At Obeta, an electrical parts company that opened in 1901, it is the kind of monotonous task workers have performed for years.

But several months ago, a new worker joined the team. Stationed behind protective glass, a robot using three suction cups at the end of its long arm does the same job, sifting through parts with surprising speed and accuracy.

While it may not seem like much, this component-sorting robot is a major advance in artificial intelligence and the ability of machines to perform human labor.

“I’ve worked in the logistics industry for more than 16 years and I’ve never seen anything like this,” said Peter Puchwein, vice president of Knapp, an Austrian company that provides automation technology for warehouses.

Standing nearby at the Obeta warehouse, the California engineers who made the robot snapped pictures with their smartphones. They spent more than two years designing the system at a start-up called Covariant.AI, building on their research at the University of California, Berkeley.

Their technology is an indication that, in the coming years, few warehouse tasks will be too small or complex for a robot. And as the machines master tasks traditionally handled by humans, their development raises new concerns about warehouse workers losing their jobs to automation.

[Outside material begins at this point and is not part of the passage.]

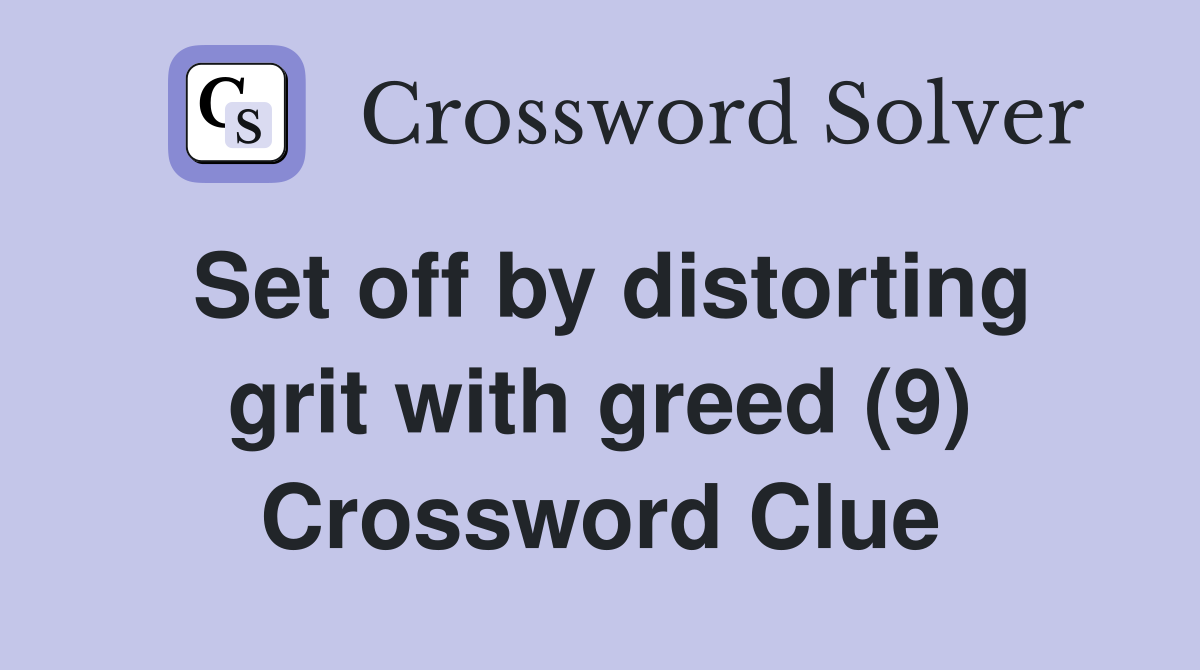 Set off by distorting grit with greed (9) Crossword Clue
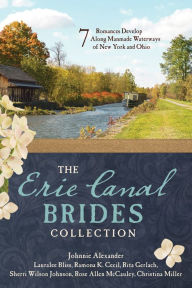 Title: The Erie Canal Brides Collection: 7 Romances Develop Along Manmade Waterways of New York and Ohio, Author: Johnnie Alexander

Ten of the companies were based in Europe, and the other half were in the United States. Most came nowhere close to passing the test. A few could handle most tasks but failed on the trickier cases. Covariant was the only company that could handle every task as swiftly and efficiently as a human.

“We were trying to find weaknesses,” said Marc Segura, managing director of service robotics at ABB. “It is easy to reach a certain level on these tests, but it is super difficult not to show any weaknesses.”

Knapp, which helped deploy the system outside Berlin, and ABB believe this technology can be used in similar warehouses.

Covariant engineers believe their robots will improve with practice. As a robot in one warehouse learns better ways for picking up certain items, the information feeds back to what is essentially a central brain run by Covariant that will help operate machines.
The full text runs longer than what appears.